14.10. Warszawa (PAP) - Deficyt w obrotach bieżących w sierpniu wyniósł 986 mln euro - podał we wtorek NBP. Deficyt za lipiec wynosił 681 mln euro. Zdaniem ekonomistów dane świadczą o słabnięciu polskiego eksportu, choć wpływ na nie miała też zmiana metodologii liczenia bilansu.

Według banku centralnego w sierpniu 2014 r. wartość eksportu towarów została oszacowana na poziomie 11 mld 560 mln euro, a importu - na 11 mld 624 mln euro.

"W sierpniu 2014 r. zarówno dynamika eksportu, jak i importu była niższa w stosunku do analogicznego okresu 2013 r., jak również w stosunku do lipca br." - zwrócił też uwagę w komunikacie NBP. Z jego danych wynika, że w porównaniu do sierpnia 2013 r. wartość polskiego eksportu towarów była niższa o 206 mln euro, czyli o 1,7 proc., natomiast import towarów zmniejszył się o 129 mln euro, czyli o 1,1 proc.

NBP podkreślił, że sierpniowy bilans płatniczy Polski został przygotowany w oparciu o nowe standardy określone przez MFW w podręczniku bilansu płatniczego i międzynarodowej pozycji inwestycyjnej BPM6.

Zdaniem ekonomistów wzrost deficytu na rachunku obrotów bieżących wynika ze słabości eksportu, a także ze zmian metodologicznych. "Dane nie są aż tak zaskakujące w świetle piątkowych danych GUS o handlu zagranicznym.
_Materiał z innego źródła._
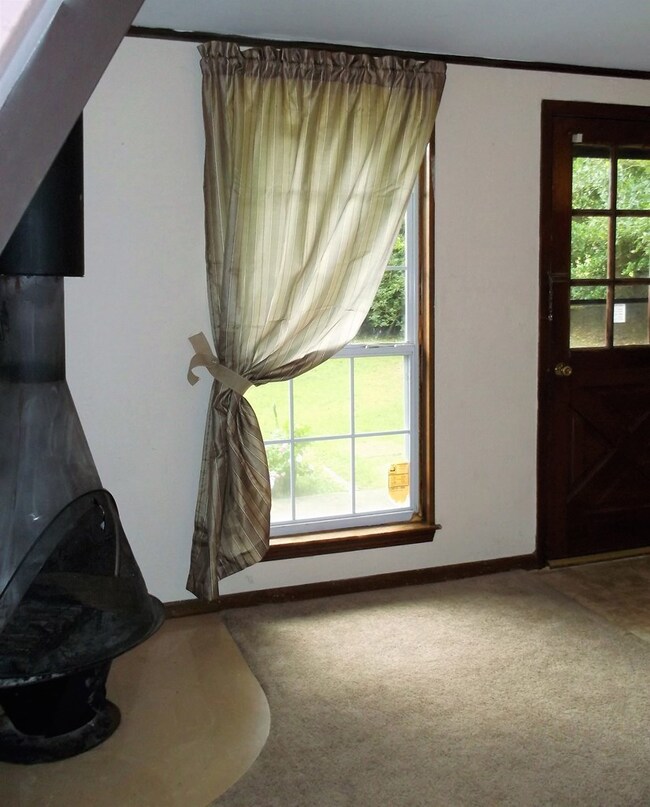 wood burning fireplace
One wskazywały już na słabość eksportu" - powiedział Piotr Bujak, kierownik zespołu ekonomistów PKO BP.

"Dane pokazują słabnięcie eksportu i potwierdzają trend spadkowy. Natomiast z importem nie jest najgorzej, co pokazuje, że popyt krajowy trzyma się nieźle" - powiedział ekonomista PKO BP. "Taki wynik to głównie kwestia zmiany metodologii" - dodał Bujak.
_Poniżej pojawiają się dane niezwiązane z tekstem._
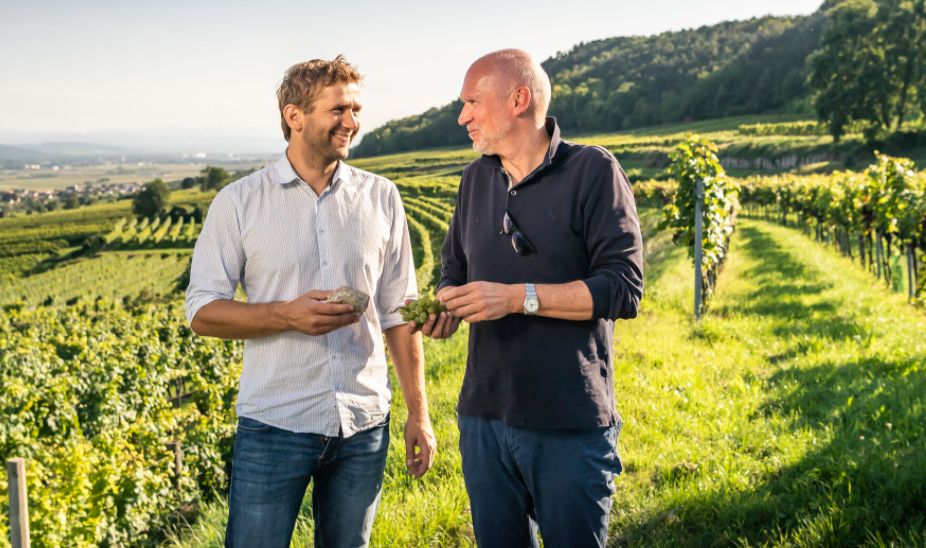 “Grüner for the world” by Lenz Moser & Markus Huber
Także zdaniem ekonomisty ING Banku Śląskiego Grzegorza Ogonka na dane mają wpływ zmiany metodologiczne, ale wyraźnie wskazują też na słabe wyniki eksportu. Ogonek jednak "byłby ostrożny" w przypisywaniu słabych wyników eksportu efektom rosyjskiego embargo. "To mogłoby odjąć kilkadziesiąt milionów euro, i to tylko przy założeniu, że te towary nie trafiły na rosyjski rynek poprzez inne kraje" - ocenił.
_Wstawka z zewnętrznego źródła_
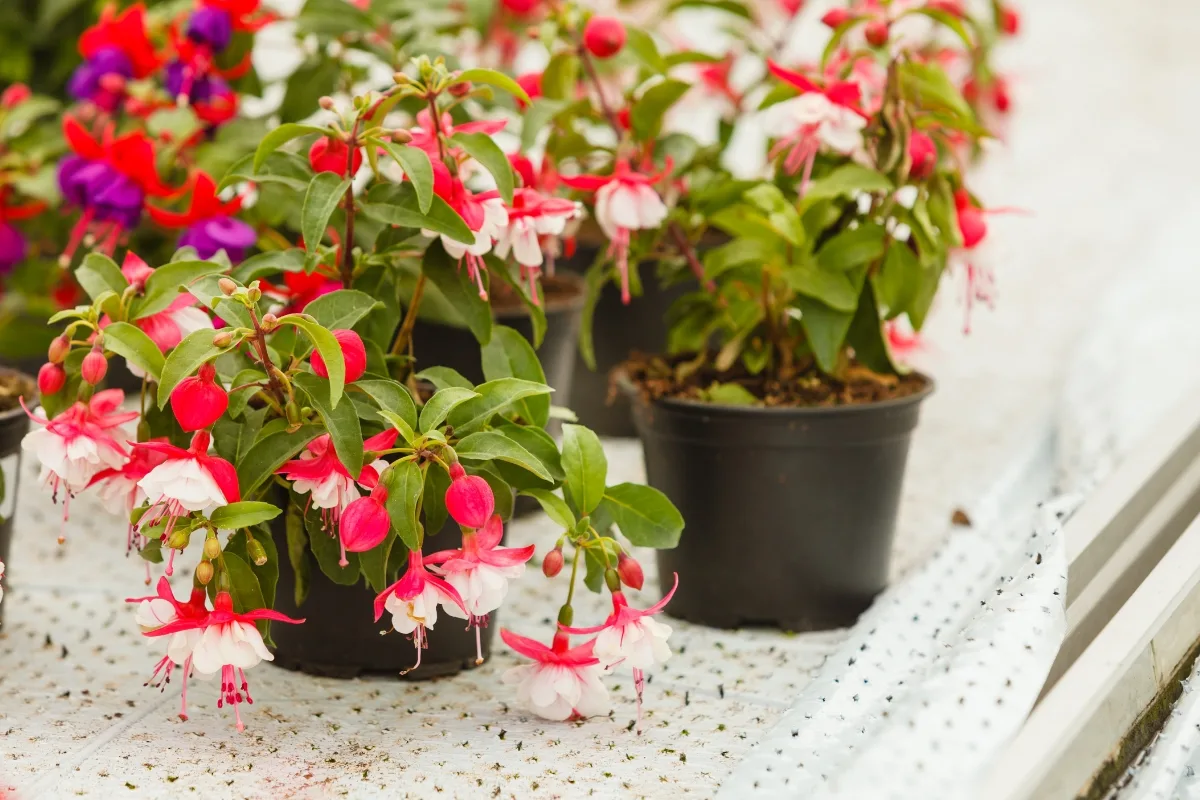 fuchsia plants in nursery pots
Z kolei Piotr Piękoś z Banku Pekao w drugiej części roku spodziewa się spowolnienia eksportu, a także, chociaż w mniejszej skali, spowolnienia importu. "Spodziewamy się utrzymującego się spowolnienia dynamiki eksportu w drugiej części roku - z jednej strony ze względu na osłabienie koniunktury w przemyśle Niemiec, który jest jednym z głównych silników napędowych dla polskiego eksportu, zaś z drugiej w związku z nałożonym przez Rosję embargiem na polskie produkty rolno-spożywcze" - napisał Piękoś w komentarzu do danych NBP.